L’assassinat de Todashev a eu lieu un peu plus d’un mois après l’explosion des deux bombes – qui avait fait 3 morts et 264 blessés – à proximité de la ligne d’arrivée du marathon de Boston. Très rapidement, on a dit à la population que les responsables avaient été identifiés. Peu de temps après, Tamerlan, 26 ans, a été abattu par les policiers. Son frère Dzhokhar, 19 ans, fut grièvement blessé alors qu’il se cachait, sans arme, dans un bateau remisé.
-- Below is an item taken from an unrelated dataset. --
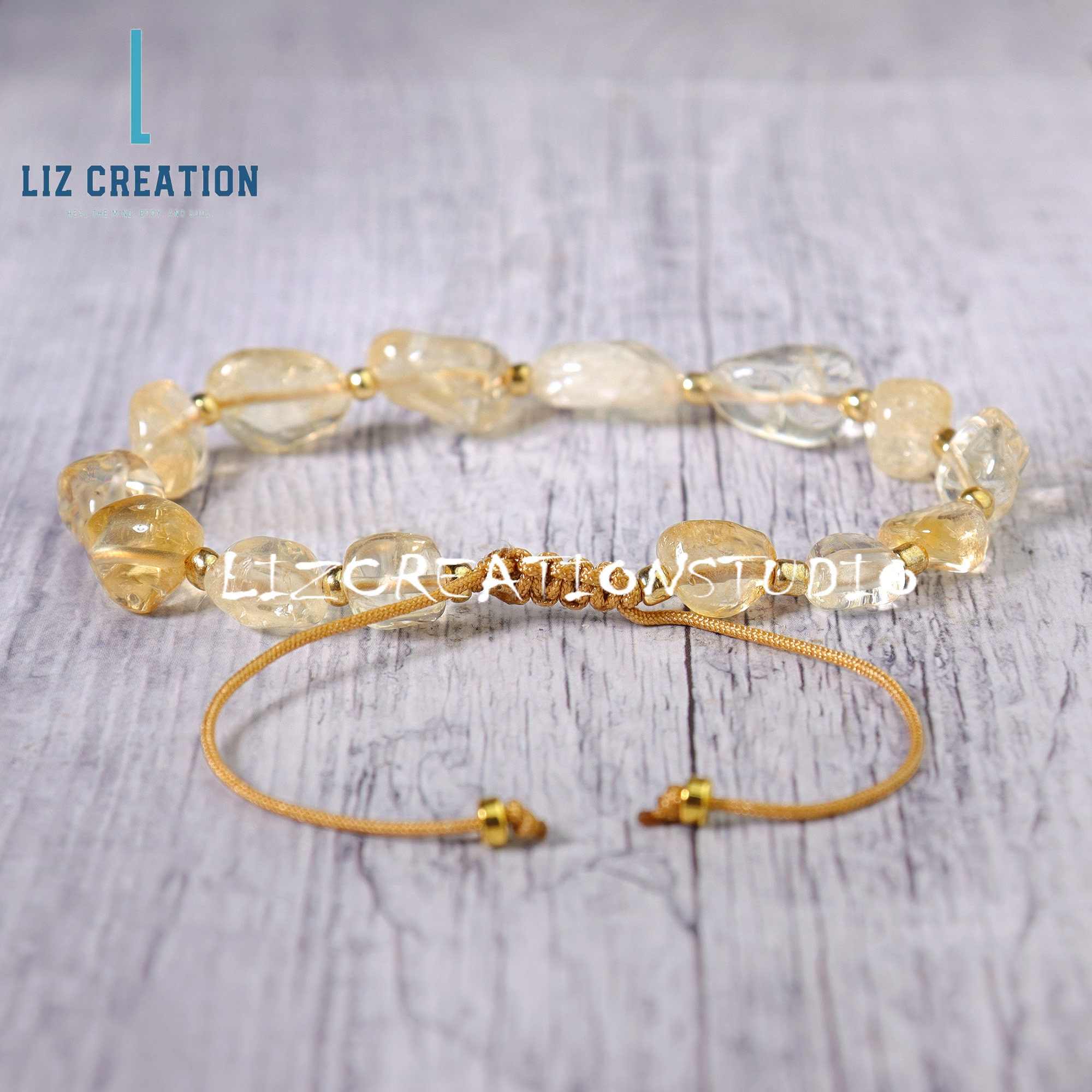 Citrin Armband - Zierliches Armband aus Naturstein - Zartes Citrin Kristall Armband, Solarplexus Chakra, November Geburtsstein Geschenk für Frauen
Dans les jours qui ont suivi l’attentat, la loi martiale fut essentiellement imposée dans la ville de Boston. Dans une opération sans précédent de la police et de l’armée, la population reçut l’ordre de «rester à l’abri» pendant que des véhicules blindés étaient déployés dans les rues et que des équipes SWAT lourdement armées faisaient des perquisitions dans les résidences sans le moindre respect pour les droits fondamentaux.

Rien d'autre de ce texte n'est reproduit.